======== Material shown
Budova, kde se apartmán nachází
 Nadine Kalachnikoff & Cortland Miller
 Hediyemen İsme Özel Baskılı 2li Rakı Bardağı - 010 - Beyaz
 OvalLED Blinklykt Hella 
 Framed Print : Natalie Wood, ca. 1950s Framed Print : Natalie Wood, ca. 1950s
================
Task directions: Return precisely the lines of the records, starting with the line that holds "OvalLED Blinklykt Hella" and ending with the last one.

Result for this exercise:
 OvalLED Blinklykt Hella 
 Framed Print : Natalie Wood, ca. 1950s Framed Print : Natalie Wood, ca. 1950s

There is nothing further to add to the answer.